Si lasciò cadere sul primo dei tanti sedili vuoti, alla sua immediata sinistra. Osservò il profilo accademico di Cambridge scivolare al di là dei binari, fino a quando le case con i tetti di ardesia divennero sempre più sporadiche, e la campagna prese il posto dell’asfalto. Quando il treno passò sotto un cavalcavia il paesaggio scomparve: sul vetro rigato dalla pioggia prese forma il contorno opalescente di un volto dai lineamenti regolari, incorniciato da una piccola chioma bagnata di capelli castani. Toby osservò pensieroso il suo riflesso, prima che si dissolvesse nuovamente nell’ultima, debole luce del giorno. Al ritmo cadenzato dello sferragliare del treno sui binari, si addormentò.
Poco dopo ebbe l’impressione di svegliarsi al rumore cigolante di una porta. Dietro le palpebre chiuse, Toby mise a fuoco le iridi: all’estremità opposta della carrozza era comparsa una figura decisamente singolare.
Si trattava di una sagoma piccola e leggermente ricurva, avvolta in una veste nera integrale che la faceva assomigliare a una macchia scura in movimento, simile a un’ombra. Toby la vide voltarsi a sinistra e a destra, nell’atteggiamento di chi è in cerca di qualcosa, o di qualcuno. L’ombra avanzò di pochi passi, prima di fermarsi accanto a un ragazzo che aveva il capo reclinato sul poggiatesta. Lo studiò per quelli che a Toby sembrarono minuti, prima di passare a esaminare il passeggero che occupava il sedile dirimpetto.

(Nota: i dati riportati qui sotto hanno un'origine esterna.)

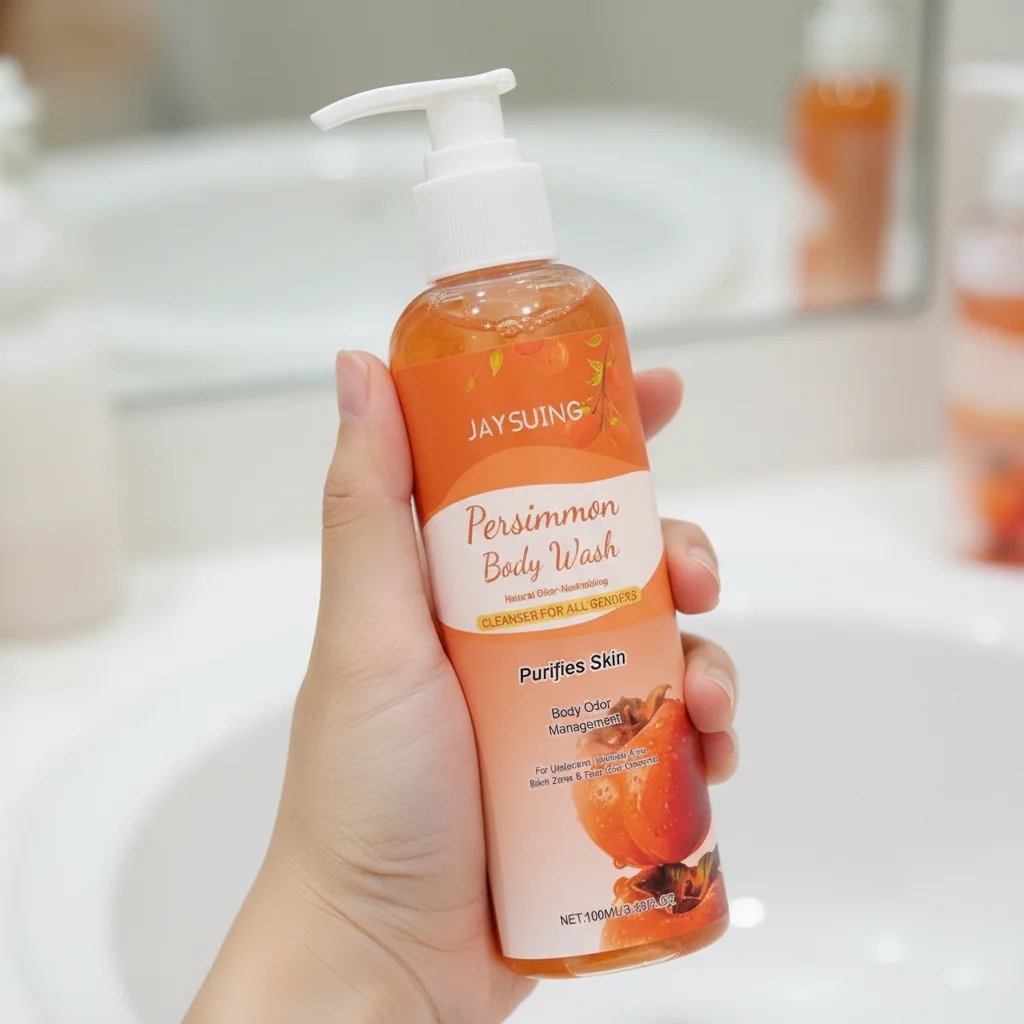 

1/2/3PCS Persimmon Shower Gel Persimmon Extract For Men and Women Gentle on All Skin Types Deodorizing Soap Rose Scent 100ml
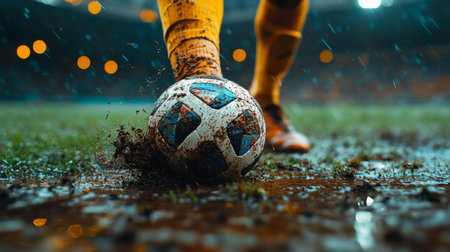 A soccer player kicks a muddy ball on the wet field during a rainy match in a dimly lit stadium in the evening. Generative AIの素材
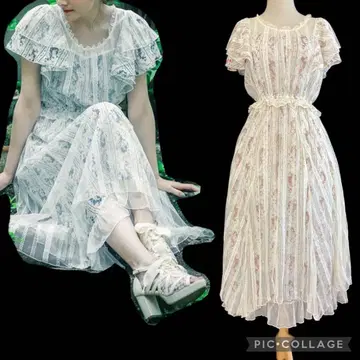 엑시즈팜 꽃 스트라이프 튤 원피스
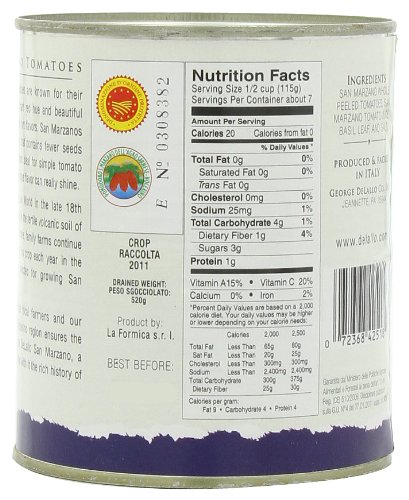 DeLallo Imported San Marzano Whole Peeled Tomatoes, 28-Ounce Cans (Pack of 6) - Thumbnail 6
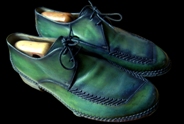 Berluti, patine vert-bleu-gris & rouge-bordeaux (inc=visible sur la photo! sorry!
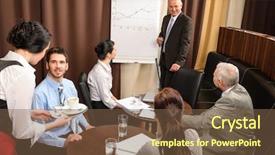  Presentation with flip chart - Cool new presentation design with restaurant business plans - executive businessman giving presentation backdrop and a tawny brown colored foreground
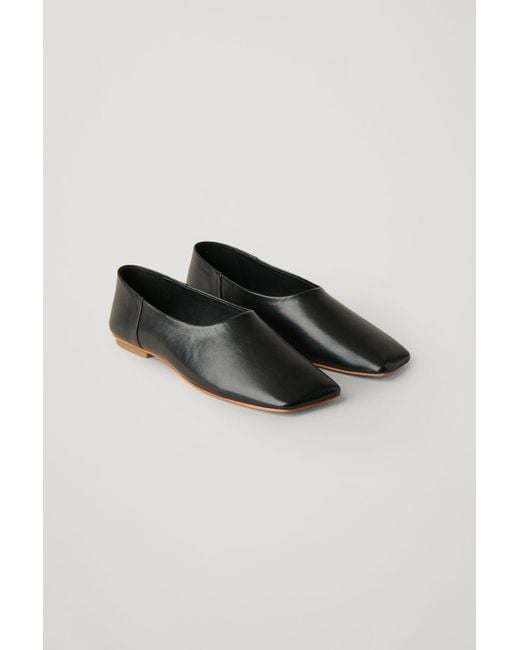 COS Black Square Toe Leather Ballerina Shoes
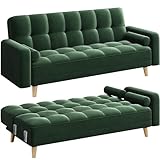 Yaheetech Modern Velvet Sofa Bed 3 Seater Click Clack Sofa Settee Recliner Couch with Wooden Legs for Living Room/Guest Room/Office Green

Dentro la sua testa, Toby strizzò le palpebre. Quando le riaprì, l’ombra era scomparsa. Un attimo dopo ricomparve: la vide restringersi all’inverosimile fino a passare nell’interstizio tra due sedili, prima di scivolare di nuovo nel centro del corridoio e riacquisire la forma normale.
All’improvviso Toby ebbe paura. Dalla sua bocca si liberò un gemito di protesta, così istintivo che non riuscì a soffocarlo. Nella carrozza echeggiò in risposta un rumore cupo, come il gorgoglio dell’acqua in un condotto intasato dalla sporcizia.
L’ombra si era accorta di lui.
Toby serrò la mascella e cominciò ad ansimare. Qualcosa nella sua testa gli diceva che era tutta una finzione, che se lo voleva veramente quell’immagine distorta sarebbe stata risucchiata via sul fondo dei suoi occhi. Ma qualcos’altro, forse la stanchezza accumulata nei tre giorni di visita al college in cui avrebbe studiato, lo teneva ancorato alle redini di quella visione.
L’ombra cominciò ad avvicinarsi a Toby, ma non dava l’impressione di camminare. Piuttosto era come se sotto i suoi piedi, anch’essi celati dalla veste nera, ci fosse un tappeto semovente. Toby vide se stesso dall’esterno stringere i braccioli del sedile e puntare i piedi sul pavimento. Fu questione di pochi istanti: l’ombra balzò verso di lui come una macchinetta a molla, atterrando a meno di un metro dal suo sedile.